Sin embargo, surge la pregunta ¿Es necesariamente la cultura buena o mala? ¿Cuál es la respuesta? desde un punto de vista bíblico. 

Primero, entendiendo que es parte exclusiva de la humanidad. Debe ser comprendida que es dada por Dios, ya que el hombre ha sido creado a su “imagen” y “semejanza” (Génesis 1:26-28). En segundo lugar, está el mandato que tienen los seres humanos de vivir según una cultura, que junto con otros aspectos de la ley de Dios, está escrito en el corazón de cada persona (Romanos 2:14-16). 

No obstante, el ser humano ha sido creado para ejercer la mayordomía responsablemente con la Creación en cualquier parte del mundo (Génesis 1: 26-30). Y debe vivir en armonía con su cultura, siempre que ella no tenga prácticas que vayan en contra de los mandamientos dados en las Escrituras. 

Por razones, como esa, Abraham tuvo que apartarse de las practicas de Mesopotamía como la idolatría, la poligamia, etc. Y ser más semejante a la cultura absoluta que Dios desea que vivamos, es decir, Su Voluntad. 

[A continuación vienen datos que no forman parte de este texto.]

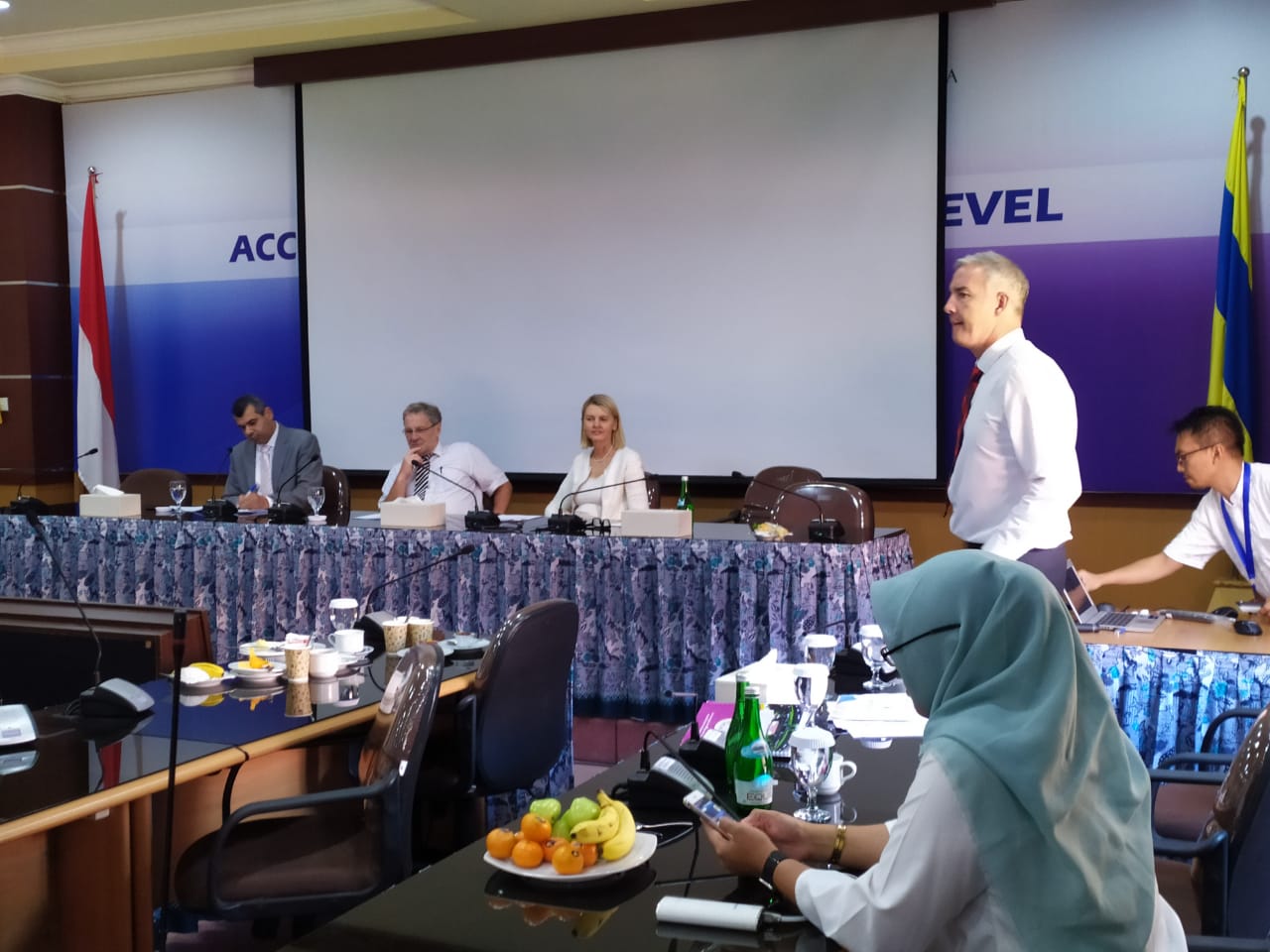 Dr. Julian Goodman saat menyampaikan pemaparan hasil rekomendasi penilaian akreditasi internasional APHEA pada Jumat (4/10/2019) di Ruang Sidang 301, Gedung Kahuripan Kantor Manajemen Kampus C UNAIR. (Foto: Anugrah Visar Rahman)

Entonces, la pregunta clave no es si debe participar en la cultura, sino cómo debe hacerlo. Ningún ser humano puede ser indiferente a la cultura. Jesús mismo vivió dentro de una cultura “la judía” participó de ella, pero la resistió cuando la voluntad del Padre se vió comprometida. 

Como cristianos, no debemos mirar a nuestros semejantes con menosprecio simplemente porque vivimos en una aparente mejor cultura. Tal pensamiento no refleja la actitud de Cristo (Filipenses 2:1-8), él vivió en una cultura judía cálida, amante de la Voluntad de Dios; aunque había otras mejores civilizaciones para aquel entonces. 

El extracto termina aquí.